Kazimierz Streets & Alleys

Street in Kazimierz, the old Jewish quarter

Kazimierz remained a completely separate town, outside of Old Town Krakow, until 1791 when it was incorporated into the city of Krakow by the Austro-Hungarian occupation government. Jews from England, France, Italy, Spain and Bohemia, who were being persecuted and expelled, had flocked to Poland for over 400 years, and Kazimierz had become a prosperous town. The Jewish district in eastern Kazimierz eventually expanded into the western Christian section, until in 1818 the wall between the two sections was torn down and the Jews were no longer required to live in a ghetto.

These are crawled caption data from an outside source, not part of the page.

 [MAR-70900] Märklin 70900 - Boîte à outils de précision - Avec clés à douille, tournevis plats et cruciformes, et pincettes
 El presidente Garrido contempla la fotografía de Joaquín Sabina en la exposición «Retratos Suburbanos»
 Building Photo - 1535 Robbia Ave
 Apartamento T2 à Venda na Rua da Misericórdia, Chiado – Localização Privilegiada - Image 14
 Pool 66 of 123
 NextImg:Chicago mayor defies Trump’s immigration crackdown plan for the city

During the German occupation of Poland, 3,000 Jews living in Kazimierz were forced to move into a ghetto set up in the Podgorze district across the river Vistula. The Nazis chose Podgorze, according to the tour guide, because it had a high bluff overlooking it from which they could watch the activity in the ghetto. Kazimierz was used by Stephen Spielberg as the location for filming scenes of the Podgorze ghetto in Schindler's List.

The photograph below shows one of the old buildings in Kazimierz, which a television film crew was using for a background when I visited in 1998. I had read in several travel guidebooks about tourists being accosted by Polish alcoholics on the streets of Kazimierz, and sure enough, a belligerent drunk appeared and shouted at this film crew and the tourists who were watching.

Polish TV station filming in Kazimierz in Oct. 1998

The photos below show the narrow streets, alleys and courtyards of Kazimierz, which have been left just the way they were before World War II. Only the writing on the wall on the left indicates that this photo was taken in modern times.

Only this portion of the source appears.